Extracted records
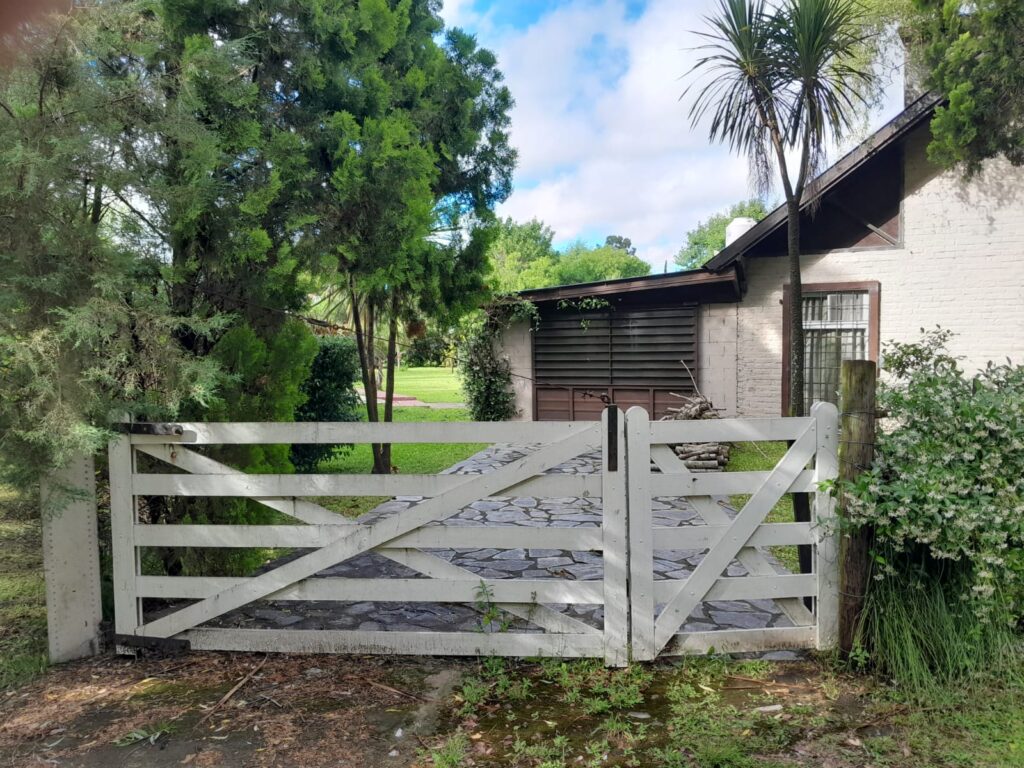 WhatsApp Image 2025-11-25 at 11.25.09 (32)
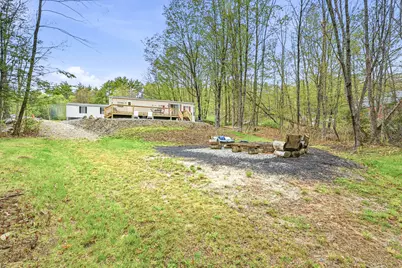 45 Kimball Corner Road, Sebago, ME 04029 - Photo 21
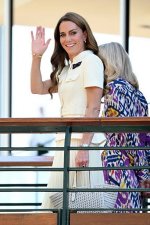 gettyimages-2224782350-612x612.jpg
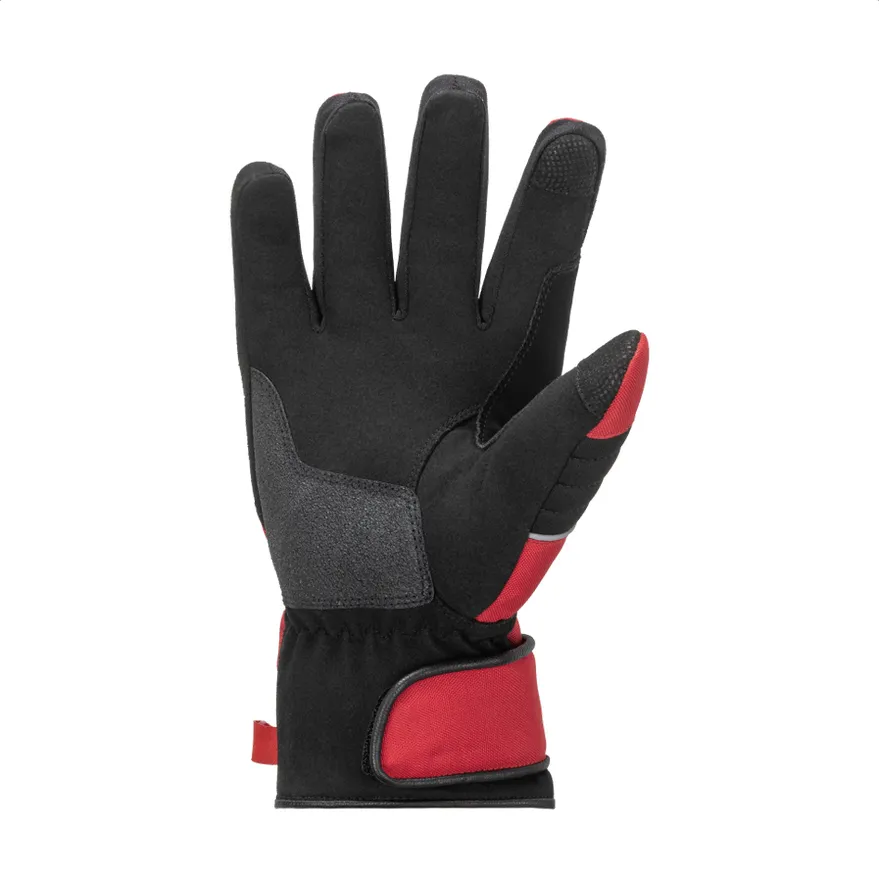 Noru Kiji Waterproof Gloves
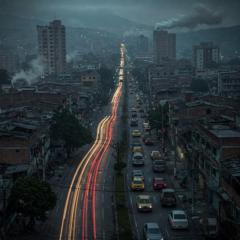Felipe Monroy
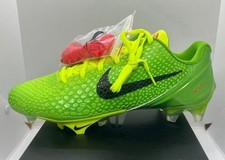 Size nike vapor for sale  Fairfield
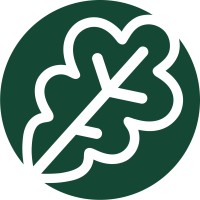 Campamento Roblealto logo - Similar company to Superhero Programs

---

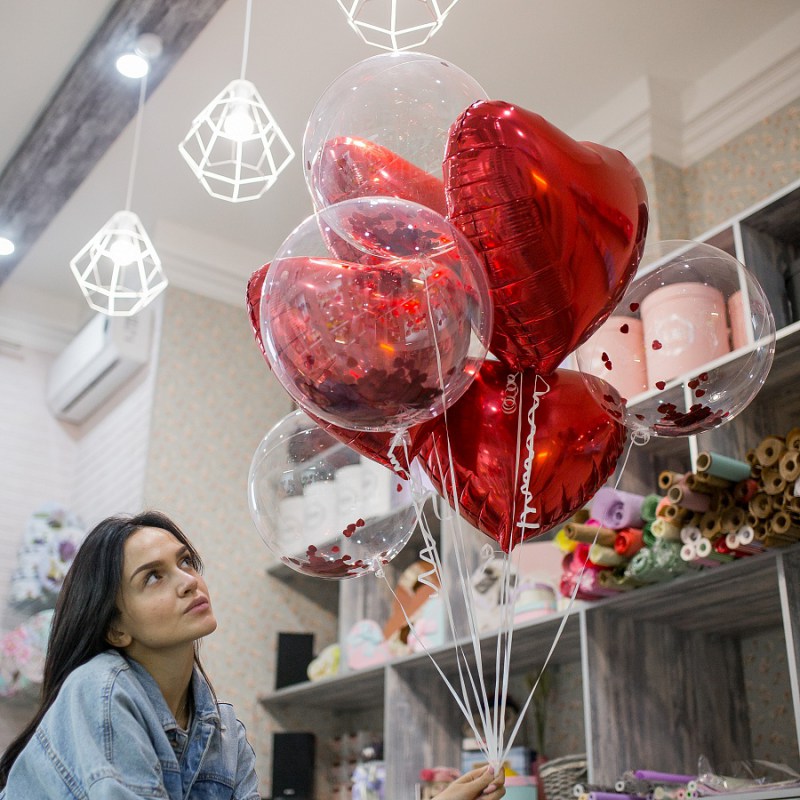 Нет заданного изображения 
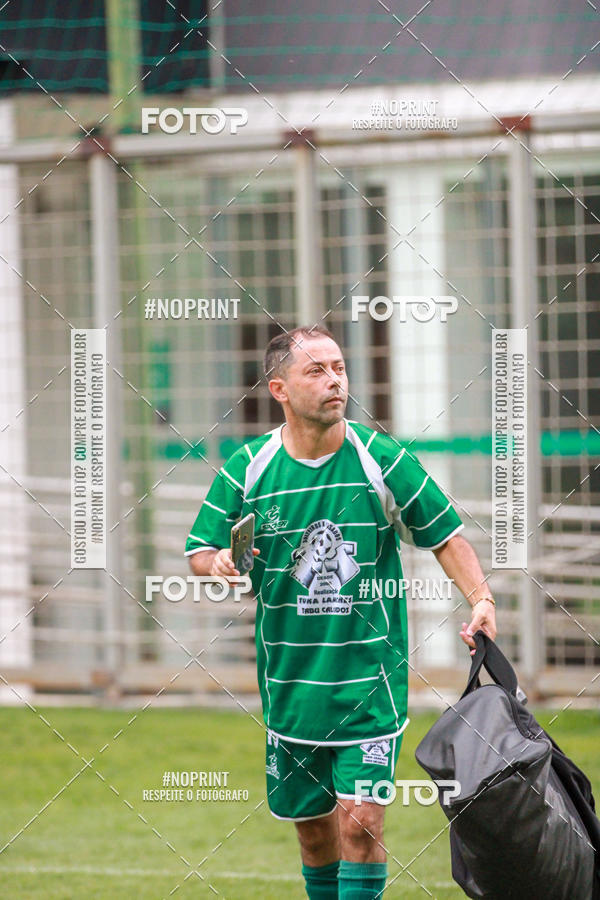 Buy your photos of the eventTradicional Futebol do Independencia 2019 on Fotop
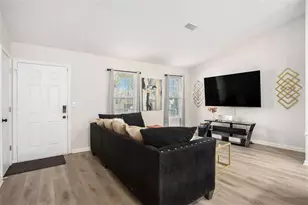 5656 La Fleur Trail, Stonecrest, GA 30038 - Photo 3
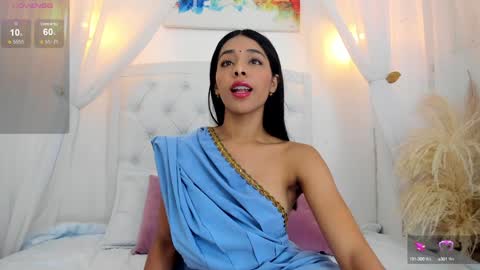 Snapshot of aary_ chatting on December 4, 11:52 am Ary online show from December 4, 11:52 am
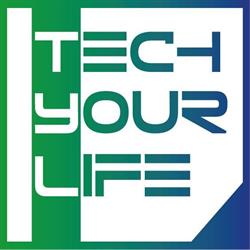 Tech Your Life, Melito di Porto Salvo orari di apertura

...

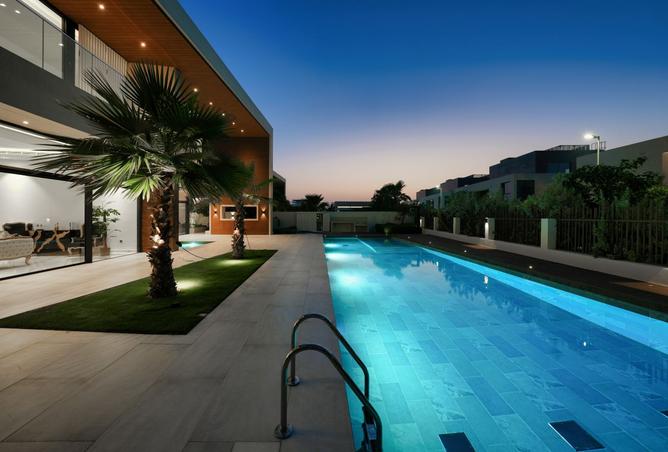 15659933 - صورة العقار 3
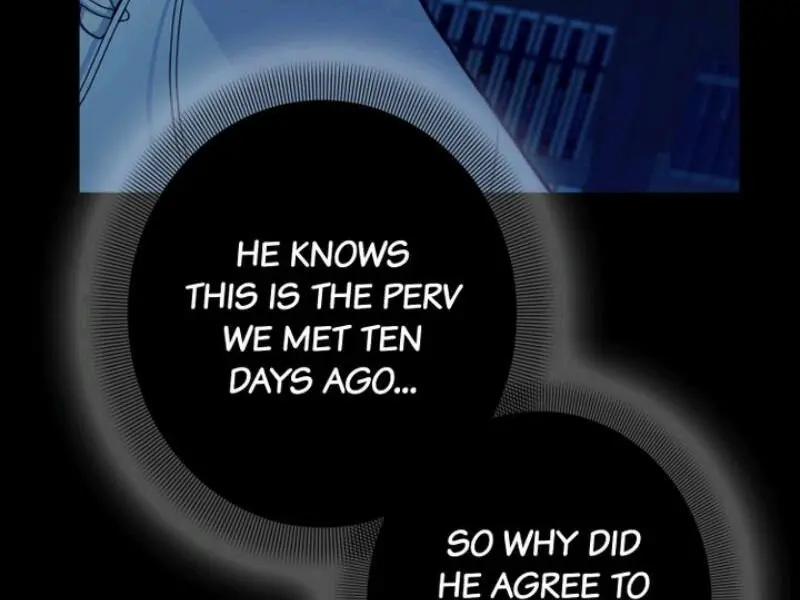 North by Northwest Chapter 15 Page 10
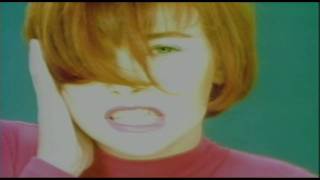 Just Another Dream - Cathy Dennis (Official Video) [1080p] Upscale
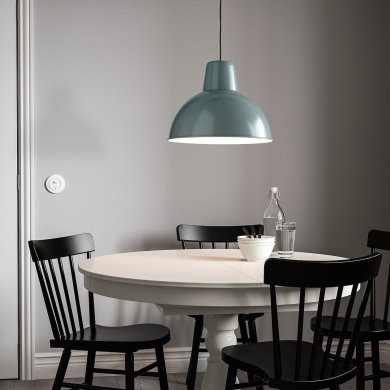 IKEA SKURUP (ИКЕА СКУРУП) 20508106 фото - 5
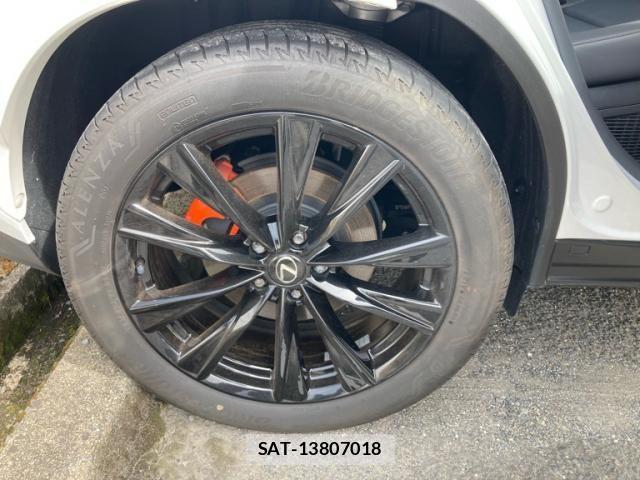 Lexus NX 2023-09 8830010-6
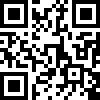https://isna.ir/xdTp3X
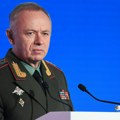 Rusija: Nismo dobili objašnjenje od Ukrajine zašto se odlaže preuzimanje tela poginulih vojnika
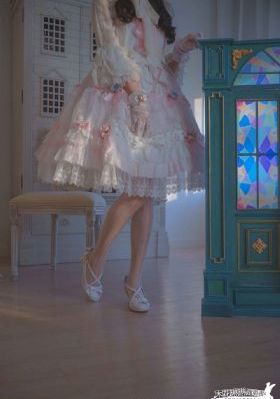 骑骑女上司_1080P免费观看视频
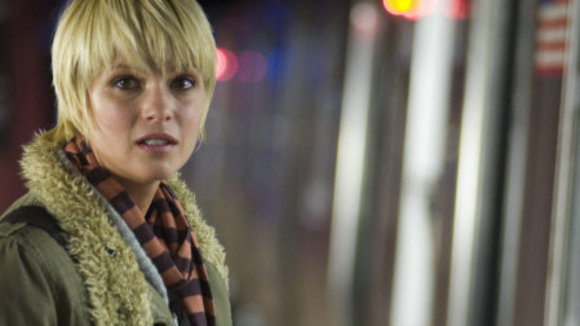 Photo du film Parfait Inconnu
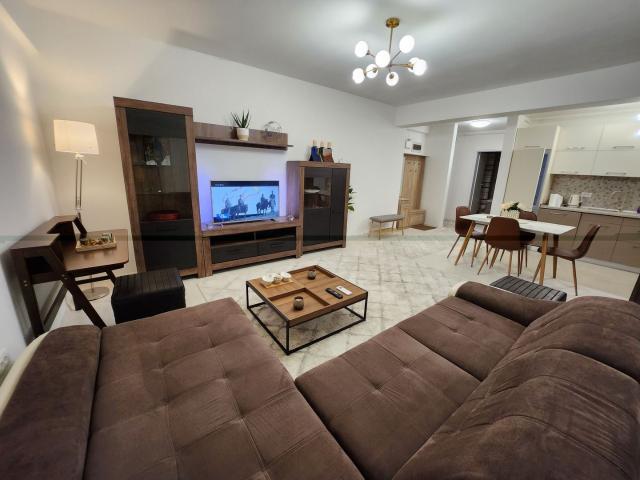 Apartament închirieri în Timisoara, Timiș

*Activity*. Above are some entries; copy exactly the lines from the line with "Lexus NX 2023-09 8830010-6" through the line with "Apartament închirieri în Timisoara, Timiș", both included, but none of the pictures.

*Task answer*.
 Lexus NX 2023-09 8830010-6
https://isna.ir/xdTp3X
 Rusija: Nismo dobili objašnjenje od Ukrajine zašto se odlaže preuzimanje tela poginulih vojnika
 骑骑女上司_1080P免费观看视频
 Photo du film Parfait Inconnu
 Apartament închirieri în Timisoara, Timiș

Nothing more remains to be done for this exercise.